Nasza Loteria SR - pasek na kartach artykułów

Nie wachlować się lizakiem, nie robić zdjęć. Aukcyjny savoir-vivre

Redakcja
Warszawski Dom Aukcyjny przy Karowej - właśnie trwa licytacja. To nie jest, wbrew pozorom, trudne FOT. BARTEK KOSIŃSKI
Warszawski Dom Aukcyjny przy Karowej - właśnie trwa licytacja. To nie jest, wbrew pozorom, trudne FOT. BARTEK KOSIŃSKI
Na listopadowej aukcji w Nowym Jorku obraz Francisa Bacona "Trzy studia do obrazu Luciana Freuda" został sprzedany za ponad 140 milionów dolarów. To absolutny rekord na świecie. W Polsce najwyższą cenę osiągnął ostatnio obraz Jacka Malczewskiego "Polski Hektor" - sprzedano go za 2,6 mln zł. Takie kwoty to jednak wciąż rzadkość na polskich aukcjach.

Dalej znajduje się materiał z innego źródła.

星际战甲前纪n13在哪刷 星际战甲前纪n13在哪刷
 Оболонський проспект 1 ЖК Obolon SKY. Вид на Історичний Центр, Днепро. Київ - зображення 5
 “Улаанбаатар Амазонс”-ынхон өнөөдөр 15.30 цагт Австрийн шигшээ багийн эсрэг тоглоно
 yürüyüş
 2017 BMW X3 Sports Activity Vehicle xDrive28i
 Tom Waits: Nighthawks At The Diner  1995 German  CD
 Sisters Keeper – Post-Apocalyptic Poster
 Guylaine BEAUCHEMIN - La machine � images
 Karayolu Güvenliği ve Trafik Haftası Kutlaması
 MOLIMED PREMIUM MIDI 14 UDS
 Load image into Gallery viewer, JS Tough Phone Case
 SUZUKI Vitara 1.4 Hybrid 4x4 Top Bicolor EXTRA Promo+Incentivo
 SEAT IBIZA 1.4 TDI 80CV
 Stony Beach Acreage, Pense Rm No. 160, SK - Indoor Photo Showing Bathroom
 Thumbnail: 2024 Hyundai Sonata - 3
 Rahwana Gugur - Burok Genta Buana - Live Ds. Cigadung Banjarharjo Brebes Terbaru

Warszawski Dom Aukcyjny przy Karowej - właśnie trwa licytacja. To nie jest, wbrew pozorom, trudne FOT. BARTEK KOSIŃSKI

SZTUKA. Aukcje sztuki to specyficzne wydarzenia. Jeśli chcemy wziąć udział w jednej z nich, warto znać podstawowe zasady, które tu obowiązują. Wtedy można spokojnie skupić się na aukcji i nie czuć na sobie zgorszonego spojrzenia

Niewiele osób może sobie pozwolić na dzieła sztuki, za które trzeba zapłacić kilkanaście czy kilkadziesiąt tysięcy złotych, o milionach nie wspominając. Wciąż rośnie jednak grono osób zainteresowanych nieco tańszymi pracami.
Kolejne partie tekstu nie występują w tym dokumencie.